小さなレストランのオーナーが、日々の出来事を語ります。
僕らは元気に橋を渡り、突き当りを当然左に曲がり山すそに沿って進んだ。
僕は、川をはさんで左ななめ前方を指差し、「あの辺が駅だね。」なんて余裕で言った。
左手の山はかなり急斜面だ。そこの張り付くようにハイキング用の小道が整備されている。
まだ新しいようで、きれいに整備されていた。
そして山からはたくさんの小さな川が、本当に細い川が、大井川に流れ込んでいる。
当然そこは、谷のようになっているので橋がかかっている。何個あったかな?7個か8個か?それくらいかな?

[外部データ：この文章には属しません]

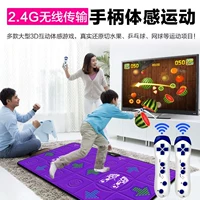 Home TV máy chơi game somatosensory wii máy phụ kiện đặc biệt giải trí tập thể dục dày lên máy nhảy đơn - Dance pad bán thảm nhảy audition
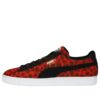 Suede “Animal Print – Warm Earth”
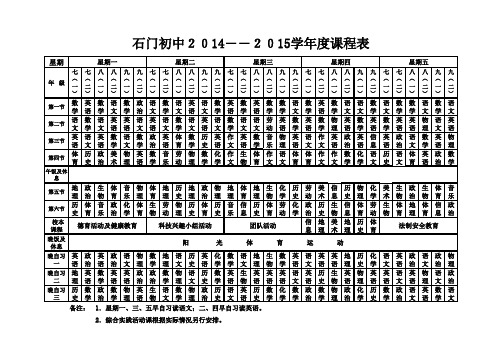 14-15课表安排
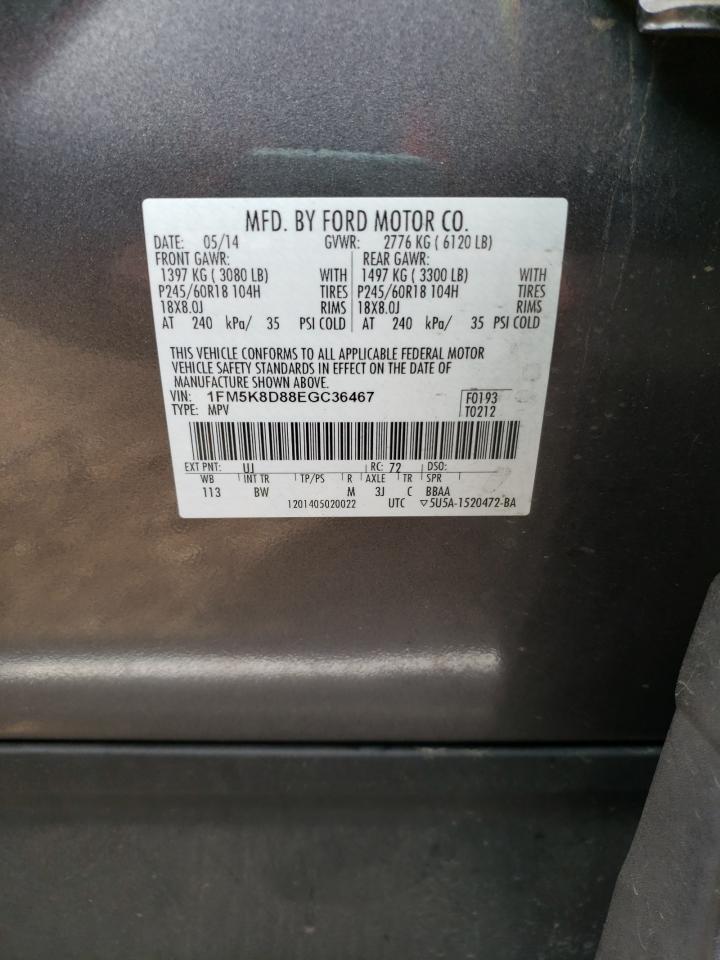 Фото 10 с аукциона – 2014 FORD EXPLORER X с VIN 1FM5K8D88EGC36467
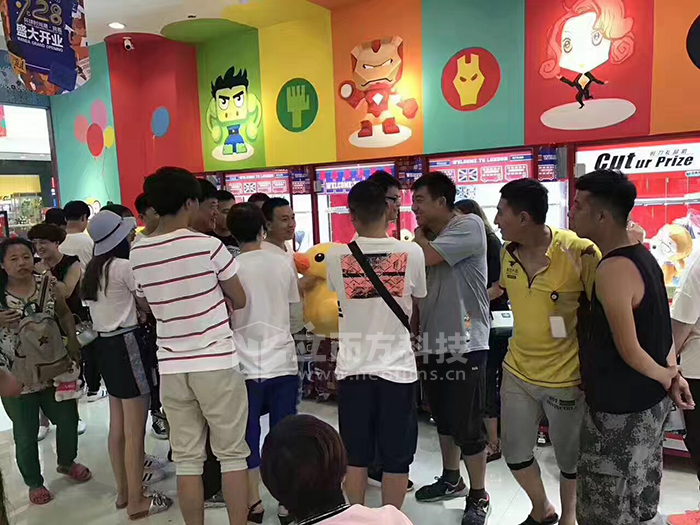 萌之屋.jpg 萌之屋.jpg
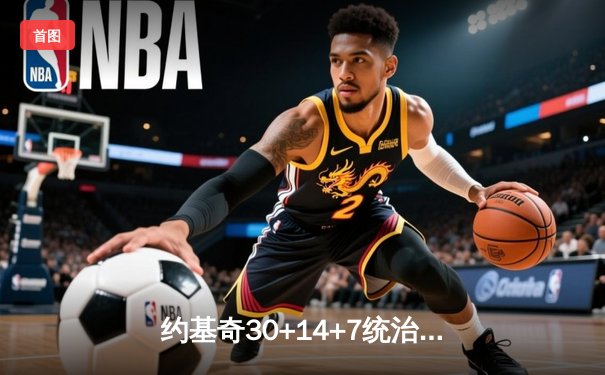 约基奇30+14+7统治内线，掘金逆转热火夺NBA总决赛冠军点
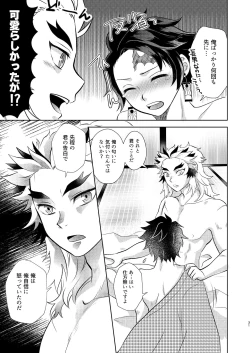 Page 30 of Sumiuri no Shounen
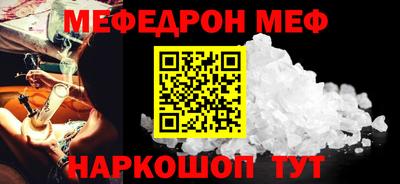 ешки Старая Купавна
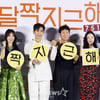 "사랑할수 밖에"..'달짝지근해', 유해진표 코믹로맨스 통할까 [종합]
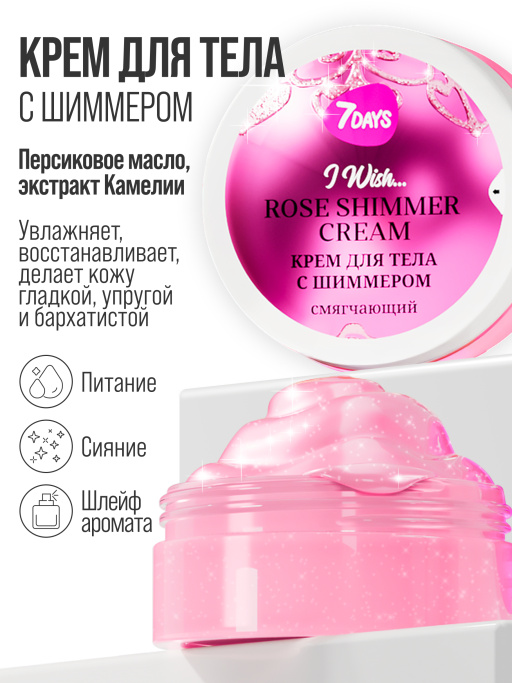 Набор косметики для ухода, подарочный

みんな新しくてきれいな橋だった。最初のうちは、僕が先頭になってつり橋を揺らしたりはしゃいでたが、
どうやら、こっち側に来たのは間違いだったようだ。
想像してみてください。
川幅の広い大井川、そこのかかる2本の橋。もし目的地が同じ側の岸にあるとしたら?
そう、普通に考えて橋は渡らない。もし渡ったら、もうひとつの橋も渡らなければいけないわけだ。

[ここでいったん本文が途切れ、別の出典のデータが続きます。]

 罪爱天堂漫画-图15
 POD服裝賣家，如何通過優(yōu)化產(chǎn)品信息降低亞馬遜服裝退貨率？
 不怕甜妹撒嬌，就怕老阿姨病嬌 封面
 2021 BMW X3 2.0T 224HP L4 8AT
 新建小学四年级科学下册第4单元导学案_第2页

まとめてみよう。要するに僕たちは四角形の1辺じゃあなく、3辺を歩かなければならなくなったわけだ。
写真右中央に見えるのが最初に渡った橋
しかし気づいた時は既に、もうだいぶ来ていた。もう、とにかく進むしかない。
道は整備されていて歩きやすいのだが、けっこうアップダウンがあり、橋も多い。
それになぜか風がまったく無いといっていい。汗は拭いても拭いても噴き出てくる。
それでも妻も息子も、文句ひとつ言わず?頑張って付いて来てくれて本当に嬉しかった。(冷汗)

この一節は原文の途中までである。